"The Tachypomp" is a short story by Edward Page Mitchell originally published January 1874 anonymously in The Sun, a New York City daily newspaper. It was Mitchell's first science-fiction story.[1] Mitchell was known for his editorial work on The Sun,[2] but because his science-fiction stories were published anonymously, his well-regarded work was mostly forgotten until its rediscovery in the early 1970s.[3]

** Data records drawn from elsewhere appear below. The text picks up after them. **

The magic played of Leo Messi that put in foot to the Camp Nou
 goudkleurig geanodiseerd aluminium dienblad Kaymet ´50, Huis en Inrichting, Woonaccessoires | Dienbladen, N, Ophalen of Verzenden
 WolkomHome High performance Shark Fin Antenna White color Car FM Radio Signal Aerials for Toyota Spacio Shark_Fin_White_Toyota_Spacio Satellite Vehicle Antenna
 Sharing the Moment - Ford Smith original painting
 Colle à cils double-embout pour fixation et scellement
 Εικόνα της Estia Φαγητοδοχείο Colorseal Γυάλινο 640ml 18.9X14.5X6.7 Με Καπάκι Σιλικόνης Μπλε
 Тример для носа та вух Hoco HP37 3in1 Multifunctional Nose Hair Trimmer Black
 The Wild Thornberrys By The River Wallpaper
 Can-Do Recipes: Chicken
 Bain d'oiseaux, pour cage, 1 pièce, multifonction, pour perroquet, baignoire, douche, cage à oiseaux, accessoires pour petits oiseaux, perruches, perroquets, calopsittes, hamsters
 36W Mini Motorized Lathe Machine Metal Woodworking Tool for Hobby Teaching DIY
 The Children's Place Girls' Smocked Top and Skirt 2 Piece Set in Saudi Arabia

"The Tachypomp" is an early use of mathematics as the principal premise of a science-fiction story,[4] and it was one of the first to use the word "android", here used to describe a purely mechanical creature.[5]
Publishing information
After the original publication in The Sun, the story was reprinted in Clifton Fadiman's Fantasia Mathematica (1958). In 1973, "The Tachypomp" and other stories were reprinted in The Crystal Man: Landmark Science Fiction, edited by Sam Moskowitz.[3]
Plot synopsis
The plot revolves around Mr. Furnace’s (the narrator) quest to marry his math professor’s daughter. Unfortunately, the math teacher does not approve of him, as he does not excel in mathematics. The professor sets him a challenge: to discover the principle of infinite speed. The narrator turns to his tutor, and is able to find the solution in the tachypomp. Eventually the professor agrees to allow Mr. Furnace to marry his daughter.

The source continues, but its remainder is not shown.